The $47,000 2020 Kia Telluride we tested was a fully decked version of the new large-format three-row top-of-the-line SUV from the brand that once gave us the modest Sephia sedan and cheeky Sportage compact SUV when they first arrived in the US.

The Telluride is the largest SUV yet from the Korean brand who has seriously been on fire in the last decade, offering a full line of cars that have won the hearts of car buyers and journalists alike including myself. They’ve been a brand who really has it going on when it comes to design, quality and the ability to hit the market just right.

In this case we have a vehicle with a brawny avant garde swagger that elbows up to the vibe of heavy hitters like Range Rover and BMW with its presentation. It looks and feels positively huge and has the swank to get the attention of even the more ardent of car guys out there. In our week with it, we got lots of inquiries from passers by. Anecdotally, it has a lot of interest.

Inside you have sweeping lines and feature packed goodness when it comes to line-items on the window sticker regardless of what trim you get from the base grade LX to the fully decked SX we tested with all of it.

Like most Kias the interior is mostly well designed with decent materials and switchgear that reads well and feels a higher grade than it is when it comes to price. This is not to say however that we have equality to a Range Rover or BMW. In a relative sense this is still mainstream Bargainville with fake wood and lots of hard plastics.

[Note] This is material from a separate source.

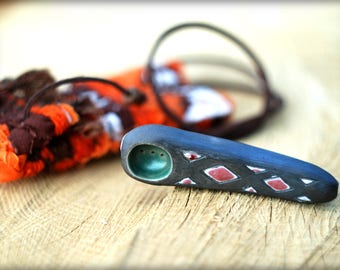 Unique raku pipe with a bag, birthday gift, handpipe with ornament, smoking pipe, tobacco pipes, gift for him, pipe with handbag, weaving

It is however very functional and livable with a lot of space and versatility you’ll find appealing if you’re comparing it to many rivals.

It’s when you drive it that a few important things come to light. This is a front-wheel drive based crossover with a transverse V6 engine, not the broad shouldered truck-framed SUV it appears to be. This is a car for all intents, scaled up and made tall – and it drives like one.

In fact, our driving impression takeaways don’t at all fit with the image and expectations of a full-size SUV. Its large 20-inch wheels and car-grade suspension crash over potholes and speed bumps in a way that’s jarring and unrefined. It floats and wallows at speed, lacking the kind of damper control you would want in a vehicle weighing in at nearly 4500 pounds.

Road noise is high and the body structure doesn’t feel all that solid, flexing and creaking even around town. It really feels like they didn’t spend as much time engineering a robust and refined chassis as they did making sure it had all the infotainment bells and whistles. Basically, it drives like a big tall bloated car with not enough backbone.

Power too is a disappointment. Its oldish 3.8-liter V6 and 8-speed transmission while reasonably well numbered at 291 horsepower lacks the torque at only 262 pound-feet you need to move the Telluride off the line, especially when loaded down.

The engine and transmission were relatively noisy and not in a good way. It was thirsty. While rated at 19 city, 24 highway and 21 combined, we struggled to reach 17 mpg average in our week. Top it all off with an annoying idle start stop system and I just wasn’t that impressed with its driving experience.

My bottom line is that with all its swank and rolling large character it just isn’t backed up by substance and driving character. I liken it to that designer pair of sunglasses that are fashionable and expensive in which a lesser priced knock-off can be had at the discount store. I looks almost like the real thing but just isn’t.